Какая жалость. „New York, New York, what a terribl town! The Bronx, The Park and the Battery are down!"[22]

1995

Синагога Сатаны и «Протоколы Сионских мудрецов»

Я искренне восхищаюсь кардиналом Паппалардо[23], его справедливой, благородной, страстной борьбой. Я считаю, что когда он, обличая преступников, употребил выражение «синагога Сатаны», то в виду имелось расхожее выражение с совершенно определенным риторическим смыслом. И все же осталась некоторая неловкость, и вполне естественно, что итальянская еврейская община почувствовала обиду.

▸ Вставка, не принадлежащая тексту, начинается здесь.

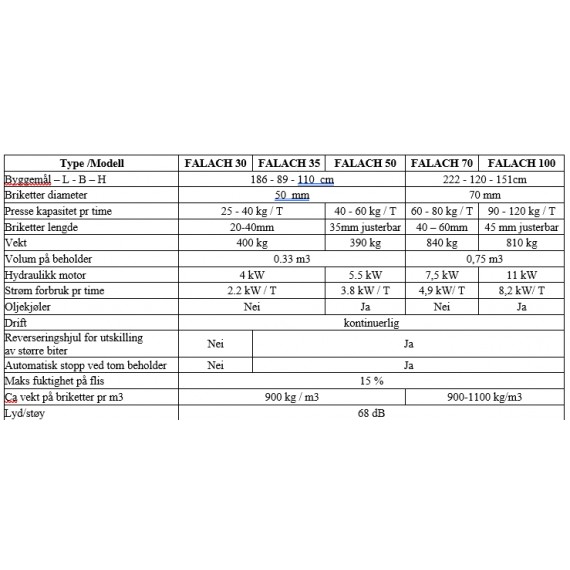FALACH Briketteringspresse 70 - DEMO leveringsklar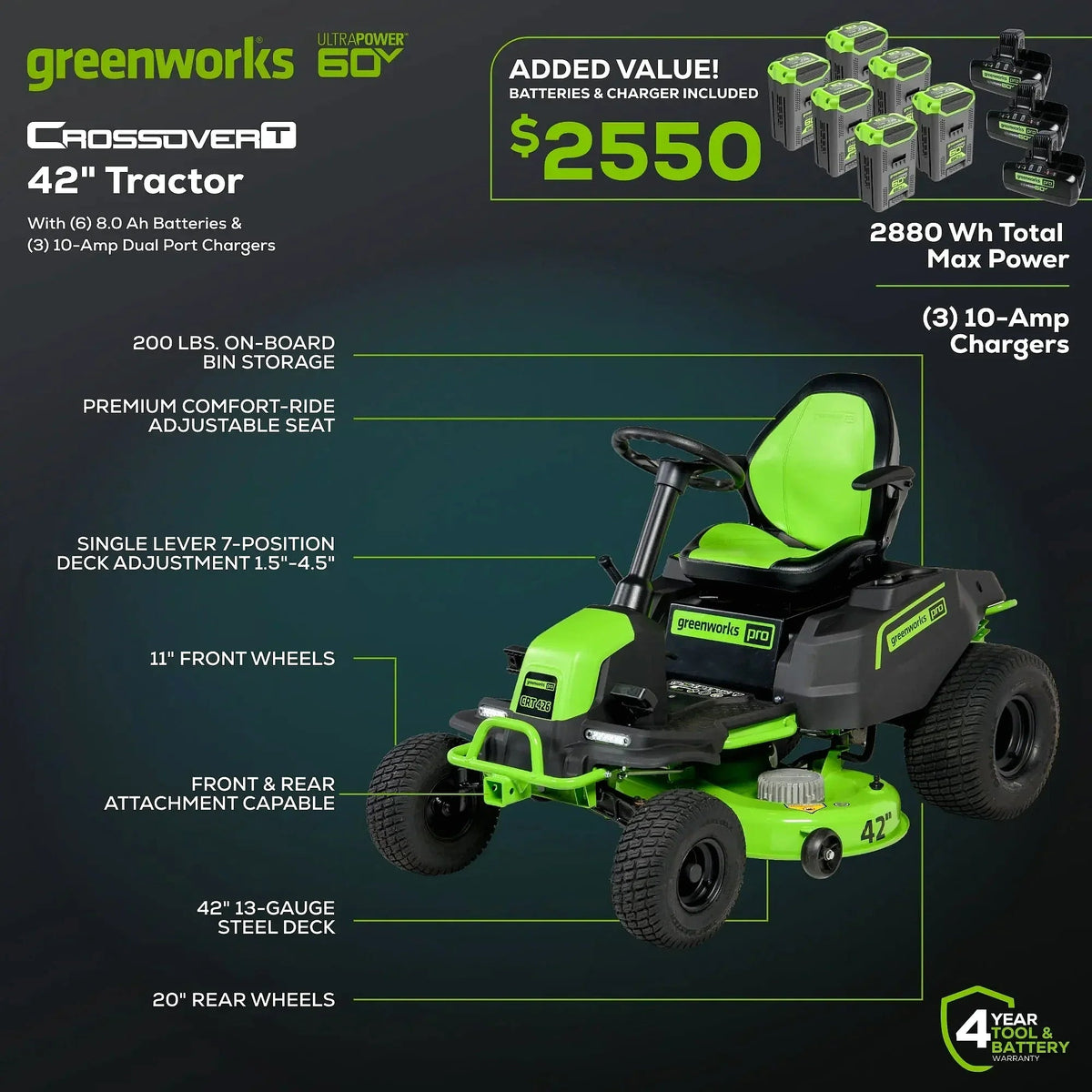 Greenworks 60V 42-Inch Cordless Battery CrossoverT Riding Lawn Mower - Prioka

Почему на ум приходит непременно синагога Сатаны, а не собор Сатаны и не храм беса? Выражение имеет свою историю. Я прочел в газетах, будто бы кто-то сказал, что это выражение происходит из «Протоколов Сионских мудрецов», этой, как известно, Библии антисемитизма и настольной книги Гитлера. Это неверно: в «Протоколах» есть гораздо худшие фразы, но только не такая — речи написаны от лица самих евреев, а значит, ради вящего правдоподобия фальшивки, богоизбранный народ никак не мог связать себя с Сатаной. Разве только русский издатель «Протоколов» Сергей Нилус, комментируя памфлет в 1905 году, говорит, что торжествующий царь Израиля, то есть Антихрист, завоевывает мировое господство, используя «всю мощь, весь ужас Сатаны».


19

«Нью-Йорк, Нью-Йорк, какой прекрасный город… с одного конца Бронкс, а с другого — Бэттери» (англ.). — Песня из мюзикла "On The Town («Увольнение на берег»), музыка Леонарда Бернстайна, слова Бетти Комден и Адольфа Грина; впервые поставлен на Бродвее в 1944 г., экранизирован в 1949 г.

20

Недорогая закусочная. Первые забегаловки такого типа открыли евреи-эмигранты в начале XX в., откуда и взялось их немецко-идишское название (которое сейчас обычно сокращают просто до Deli).

21

Смертная казнь в США была отменена в 1976 г. и восстановлена в штате Нью-Йорк 1 сентября 1995 г. 24 апреля 2004 г. Апелляционный суд штата признал ее неконституционной и приостановил ее. С того времени вокруг возможности применения смертной казни (формально не отмененной) идет ожесточенная юридическая борьба. Впрочем, с момента ее формального восстановления реально смертная казнь в штате ни разу применена не была.

22

«Нью-Йорк, Нью-Йорк, что за жуткий город: Бронкс, Центральный парк и Бэттери погибли» (англ.).

23

Кардинал Сальваторе Паппалардо (1918–2007) — архиепископ Палермо, выступавший против мафии.